Strong US growth portfolio with heavy technology focus and efficient low cost implementation

Report created on May 7, 2026

Risk profile Info

5/7
Growth
Less risk More risk

Diversification profile Info

3/5
Moderately Diversified
Less diversification More diversification

This portfolio is built from four broad equity ETFs, with everything invested in stocks. About 45% sits in a total US market fund, 26% in a dedicated technology ETF, 24% in a global equity fund, and 5% in an international (ex-US) fund. So structurally it’s a concentrated, growth-leaning equity mix, with most risk and return coming from the US and especially tech. Understanding this structure matters because it explains why the portfolio can rise quickly in strong markets but also swing sharply during equity sell-offs. The mix is simple and low-maintenance, but the high equity share and tech emphasis mean the portfolio naturally lives on the higher-risk side of the spectrum.

Growth Info

From 2016 to April 2026, $1,000 in this portfolio grew to about $4,948, which is a compound annual growth rate (CAGR) of 17.42%. CAGR is like average speed on a road trip: it smooths out ups and downs to show long-term pace. Over the same period, the US market returned 15.25% a year and the global market 12.70%, so this mix outpaced both, helped by its tech tilt and strong US exposure. The worst peak‑to‑trough fall, or max drawdown, was about -34%, similar to both benchmarks. That shows the extra return historically came with roughly benchmark-level downside in the biggest stress period. Past results, though, don’t guarantee similar future performance.

Projection Info

The Monte Carlo projection uses the portfolio’s historical risk and return to simulate 1,000 different 15‑year paths. Think of it as rerunning history with the same “weather patterns” but different dice rolls each time. The median outcome grows $1,000 to around $2,740, with a central range of roughly $1,813 to $4,209 and a wide 5–95% band from $932 to $7,605. The average annualized return across simulations is about 8.09%. These ranges highlight that even with the same underlying characteristics, outcomes can vary a lot. Simulations are educated guesses based on the past, not forecasts, but they help frame how much uncertainty comes with an all‑equity, growth‑oriented portfolio.

Asset classes Info

  • Stocks
    100%

All of this portfolio sits in one asset class: stocks. There is no allocation to bonds, cash, or alternatives. That creates a clear, high‑growth, high‑volatility profile: returns are entirely tied to equity markets, with no built‑in shock absorbers from more stable asset classes. Compared with a typical multi‑asset benchmark, this is a more aggressive stance. The benefit is full participation in equity upswings; the trade‑off is deeper drawdowns when stocks fall, because there’s nothing in the mix that usually ziggs when equities zag.

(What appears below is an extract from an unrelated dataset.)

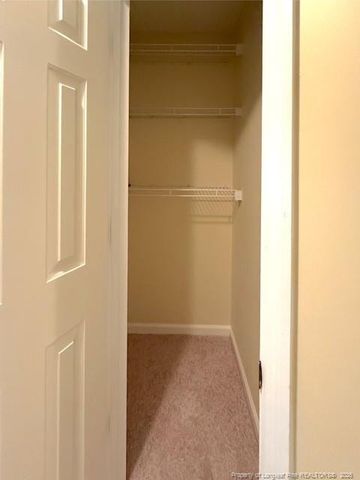 492 Lands End Road, Fayetteville, NC 28314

This all‑equity structure is simple to understand and track, but it means diversification comes only from within global stock markets, not across different asset types.

Sectors Info

  • Technology
    47%
  • Financials
    11%
  • Industrials
    8%
  • Consumer Discretionary
    7%
  • Health Care
    7%
  • Telecommunications
    7%
  • Consumer Staples
    4%
  • Energy
    3%
  • Basic Materials
    2%
  • Utilities
    2%
  • Real Estate
    2%

Sector-wise, the portfolio is heavily tilted toward technology at about 47%, with the rest spread across financials, industrials, consumer areas, health care, telecom, energy, utilities, real estate, and materials. By comparison, broad global benchmarks are meaningfully less tech‑heavy, so this is a notable overweight. Tech‑heavy portfolios often benefit when innovation and growth stocks lead, but they can be more sensitive to interest rates, regulatory changes, and shifts in investor appetite for high‑growth names. The other sectors collectively provide some ballast, yet they’re secondary drivers here. The sector data lines up with the dedicated tech ETF’s presence, making it clear that sector risk is concentrated even though there is still some cross‑industry diversification.

Regions Info

  • North America
    86%
  • Europe Developed
    6%
  • Japan
    2%
  • Asia Emerging
    2%
  • Asia Developed
    2%
  • Australasia
    1%
  • Africa/Middle East
    1%

Geographically, about 86% of the equity exposure is in North America, with relatively small slices in developed Europe, Japan, developed and emerging Asia, Australasia, and Africa/Middle East. Compared with global equity benchmarks, which usually have closer to 60% in the US, this is a strong home‑country tilt. The upside is alignment with the region that has led performance over the last decade; the flip side is that portfolio fortunes are closely tied to one economy, one currency, and one policy regime. The modest exposures elsewhere still add some diversification, but global growth, currency moves, and political events outside North America will have a smaller impact than domestic US factors.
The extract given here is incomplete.